Far from being a set of weak words offered to soothe hopeless people and hurting bodies, the Beatitudes come as a summary of what God in Christ Jesus has already done. His ministry begins with a great gathering of all the people who’d been left out of the social contract made between the empire and its citizens, the people who’d gained nothing from Rome’s never-ending wars with its neighbors.

Jesus’ work is like a beacon, a light to the nations, that calls into one assembly those who were weak in their bodies, weak in their minds, weak in their spirits; that calls into one community those from the small towns of Galilee, like Capernaum where Jesus had made his home, to those from Jerusalem, the seat of local power, to those from beyond the River Jordan, who’d crossed a great river, un Rio Grande, to join this new nation, this kingdom of heaven.

Border crossing at the Rio Grande.
Border crossing at the Rio Grande.

What I am saying, sisters and brothers, is that the Beatitudes are not just words of comfort offered to hurting people, not just things to say when you don’t know what else to say.  The Beatitudes are a statement of faith that God chooses what the world does not choose, that God chooses you!

Paul writes, “consider your own call, brothers and sisters: not many of you were wise by human standards, not many were powerful, not many were of noble birth” (1 Cor. 1:26).  He may have been writing to the church in Corinth, but the words became scripture and have been shared with the church for the last two thousand years because they have remained true.  Consider your own call, brothers and sisters: not many of you feel chosen by the world. You are elderly, and feel passed over or forgotten by not only friends, but family.  You are young, and struggle to find a place to offer your gifts.  You are poor, and do not always know how you will make it to the first of the month.  You are foreigners, and you do not speak the language.  You are gay or lesbian or bisexual or transgender or queer, and you have to convince yourself each morning when you wake up that it is alright to be yourself, to occupy your own skin. You are activists in a world that values conformity.  You are recovering from surgeries, you are recovering from addictions, you are recovering from violence, you are recovering from your past, you are recovering from your life.  Not many of you are wise by human standards, not many are powerful, not many are of noble birth.

But God chose you. Blessed are you. Not because of how special you are, or what you may someday do. Because of who God is, here and now, at this very instant, calling to you, “follow me.”  The kingdom of heaven, which belongs to the poor, which belongs to the persecuted, is not waiting for us at the end of this life. It has come near. It has arrived. It is already breaking in, interrupting, uprising. It is now. Blessed are you right now.

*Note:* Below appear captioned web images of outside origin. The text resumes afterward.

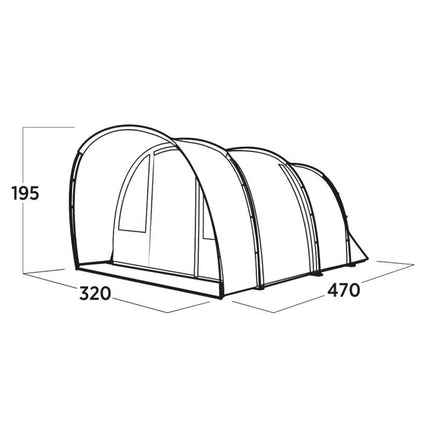 Easy Camp Skarvan 5 Blue Tunnel Tent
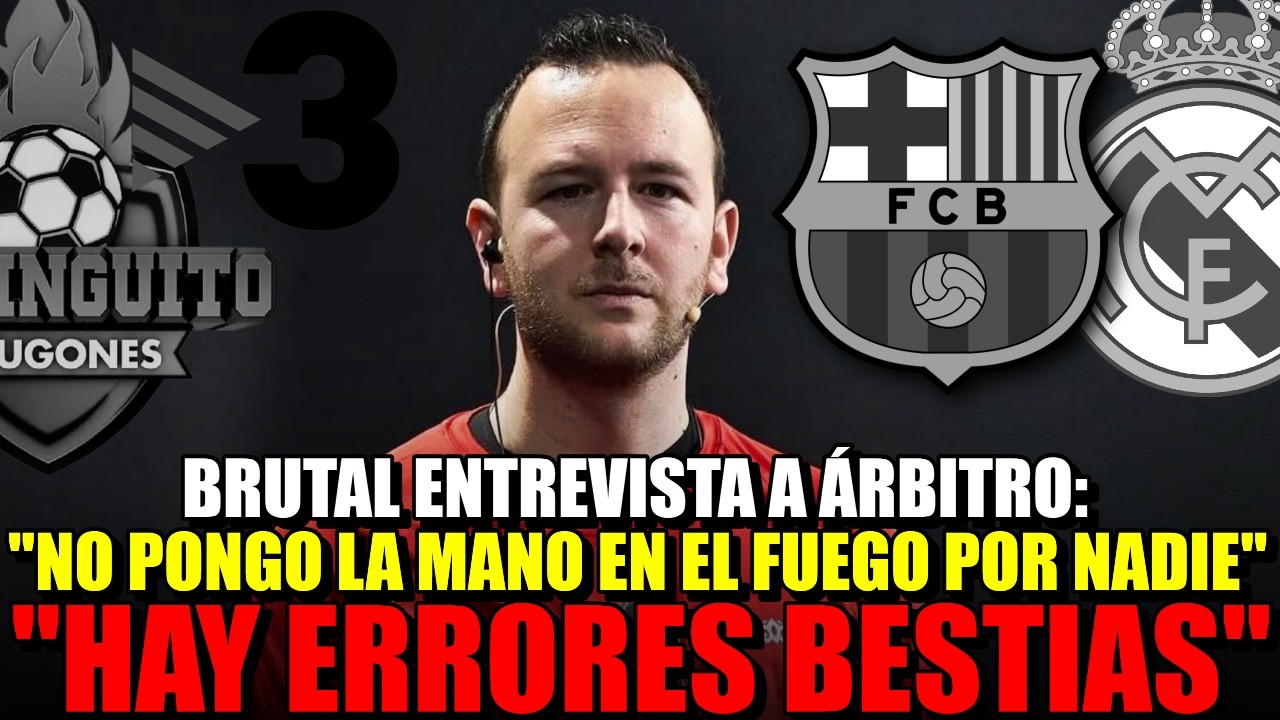 💣🔥 *ÁRBITRO HARTO* ENTREVISTA A JOAN FABREGAS: BARÇA, YOLANDA PARGA, CTA, REAL MADRID, MATEU LAHOZ
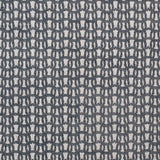 White/Navy Cotton Jacquard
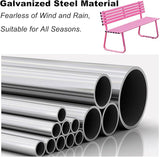 Outdoor Benches Weatherproof, Metal Bench Outdoor, Capable of Carrying 660 lbs, Suitable for Gardens, Parks, lawns - Photo 3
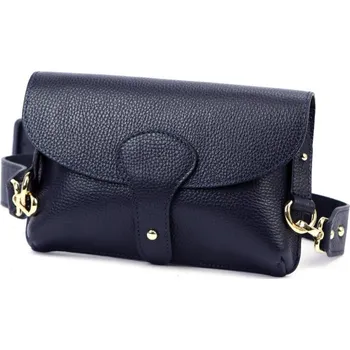 Kabelka Kožená kabelka Luka 24-076 DOLLARO - námořnická modrá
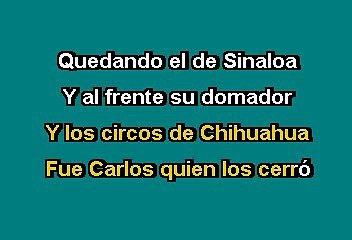 LOS TIGRES - EL CIRCO (KARAOKE)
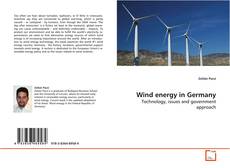Wind energy in Germany kitap kapağı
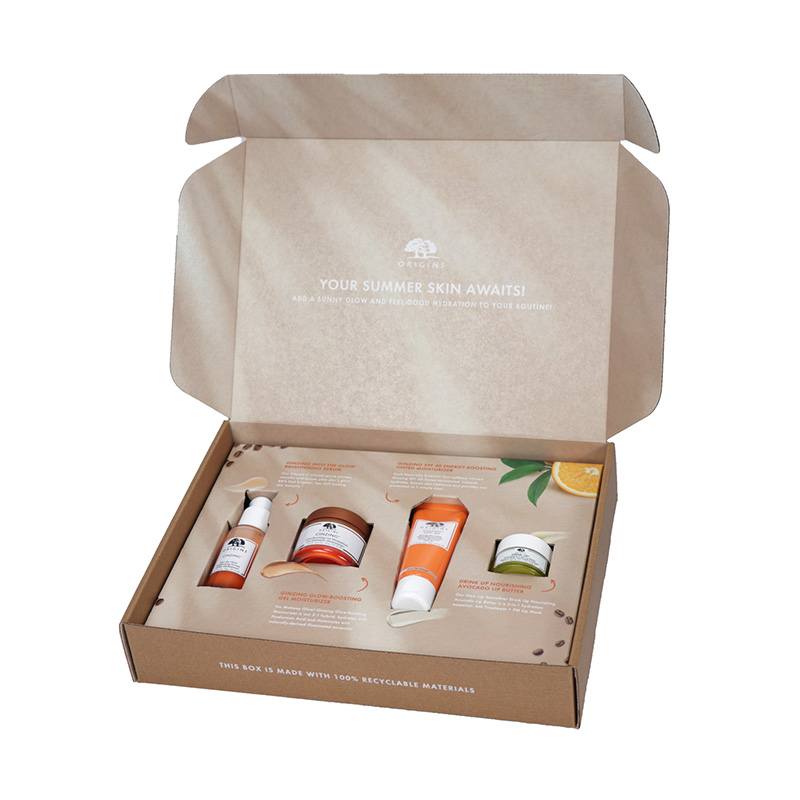 Custom Luxury Cosmetic Skin Care Set Organic Skincare Cardboard Packaging Paper Box with logo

Where is the meaning in the pits, in the suffering? It is a question worth asking, but it is not answered only with words. Anne Lamott suggests that whatever meaning is going to be found will be found together, as we stitch ourselves to one another so as not to lose ourselves to the horrors of the world.

Jesus launches his ministry by calling together all those whose experience left them feeling lonely and isolated, by touching them, healing them. In response, they followed, they gathered at the mountain to hear what he might say or do next. They went from belonging in no kingdom to belonging to the kingdom of heaven, from being lost to being blessed, just like you.

Amen.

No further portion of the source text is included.